Saturday, June 28, 2014

4 Reasons Why a Living Trust is Preferred over a Will

 

Posted on: June 26th, 2014
Many consumers and professionals now prefer an estate plan that uses a revocable living trust over a will as the primary estate planning document. Here are four reasons why:
  1. A properly prepared and funded revocable living trust plan avoids probate at death, including multiple probates if you own property in other states. A will must go through probate to be verified and enforced, and if you own property in more than one state, your family could face multiple probates, each one according to the laws in that state. Avoiding the cost of probate is often a factor when choosing a living trust, but many people are just as interested in avoiding the court process altogether, along with its delays, lack of privacy, loss of control and emotional stress.
  2. A properly prepared and funded living trust avoids court interference at incapacity. Most people prefer to have their care and assets managed privately by people they know and trust, instead of being placed in a court guardianship, which is costly, time consuming, public and stressful. It’s important to note that a will is of no help at incapacity because a will can only go into effect when you die.
  3. A living trust brings all of your assets together under one plan with one set of instructions. (Possible exceptions are IRAs and other tax-deferred plans.) This makes it much easier to provide fair inheritances to your beneficiaries, as opposed to trying to balance inheritances with beneficiary designations and joint ownership because of fluctuating values of investment accounts, life insurance policies and other assets. By contrast, a will only controls assets that are titled solely in your name; it does not control most jointly owned assets or those for which you have named a valid beneficiary.
  4. A properly prepared and funded living trust is more private than a will and is not as easily contested. Because probate is a public process, disgruntled heirs and other interested parties are invited to submit claims and contest your will, and unwanted solicitors can have access to your family’s personal and financial information. While a living trust cannot guarantee complete privacy, it is much more private than a will, which is guaranteed to be made public through probate.

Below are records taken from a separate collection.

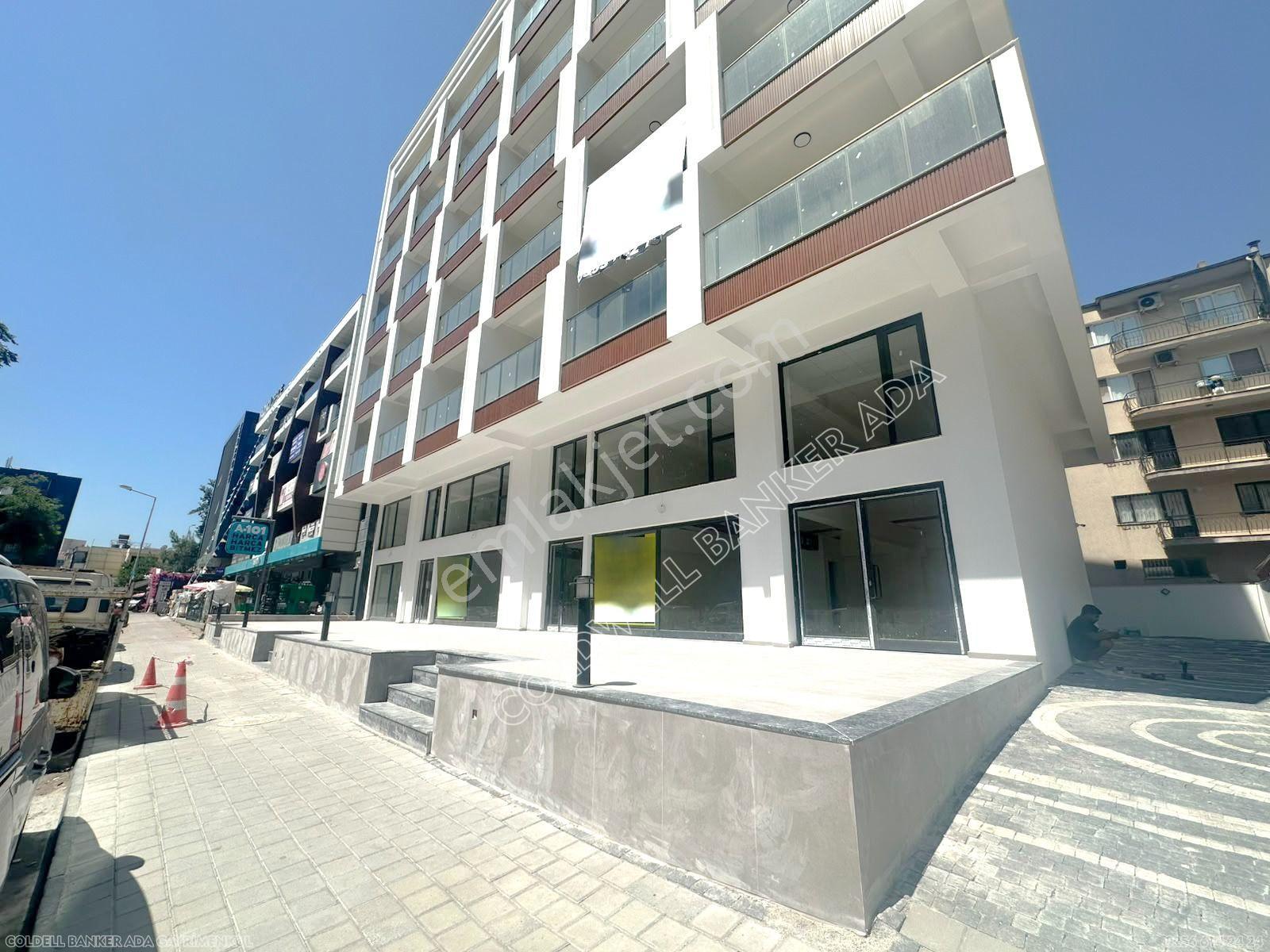 Kuşadası Merkezde Kiralık 1+0 Ofis - 38m² - Görsel 2
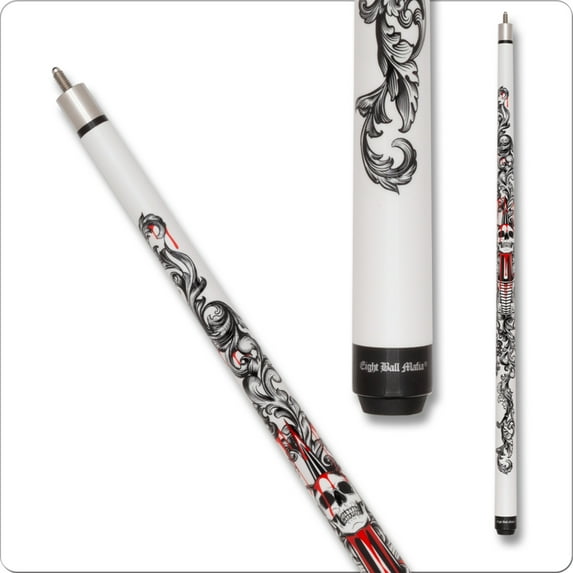 Eight Ball Mafia EBM33 Pool Cue Billiard Stick Billiards Cues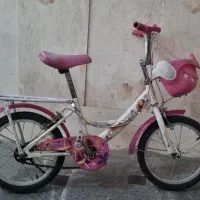 دوچرخه سایز ۱۶ دخترانه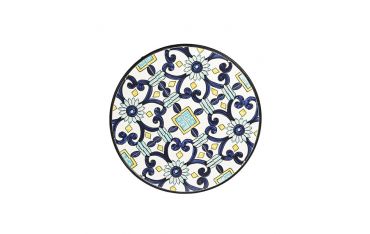 Set per Esterno Bizzotto Positano in Acciaio e Ceramica 3PZ - 0806167
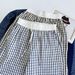 Men's Clothing Men's Retro Plaid Shorts Loose Straight Leg Summer Style Versatile Youth For Formal & Casual For Men_viptrois.com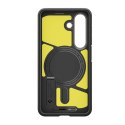 Etui pokrowiec na Samsung Galaxy S26+ Tough Armor Mag MagSafe - szary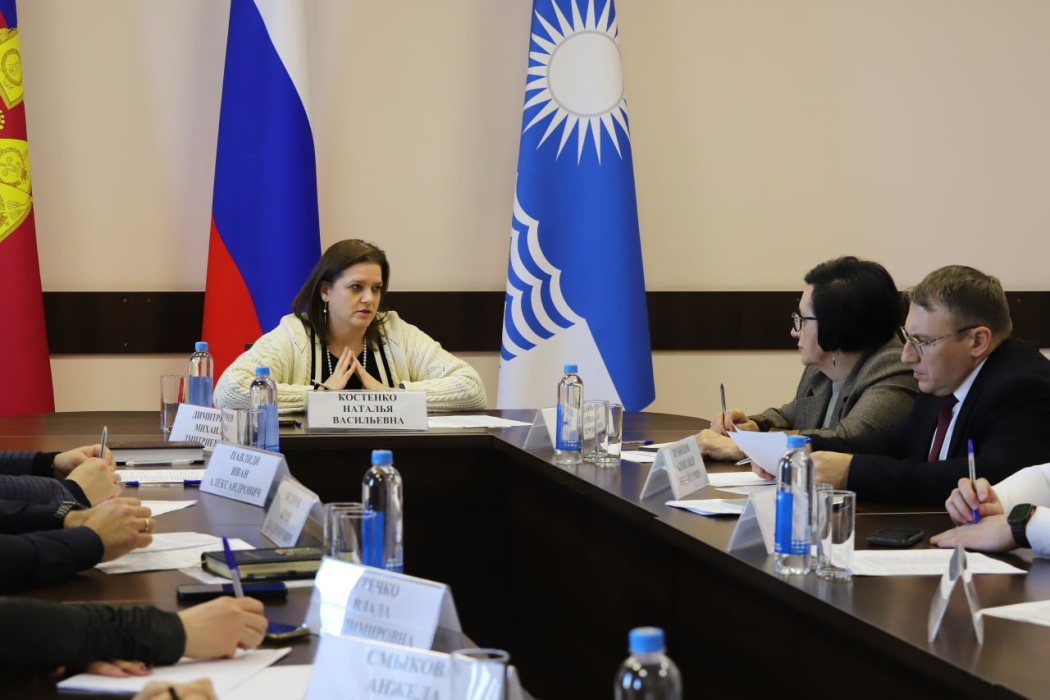 В Геленджике обсудили будущее гостевых домов на федеральном уровне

What, then, is a properly prepared and funded living trust? “Properly prepared” means the documents are written correctly according to the law and your desires. This is best accomplished by having an experienced estate planning attorney prepare your trust. “Properly funded” means you all assets are properly titled in the name of your revocable living trust and proper beneficiary designation forms are completed naming your revocable living trust as beneficiary. Your revocable living trust only controls the assets that have been transferred to it. If you forget to put an asset into your trust, it will be added to your trust after you die through probate before it can be distributed along with your other assets according to your desires as set forth in your revocable living trust.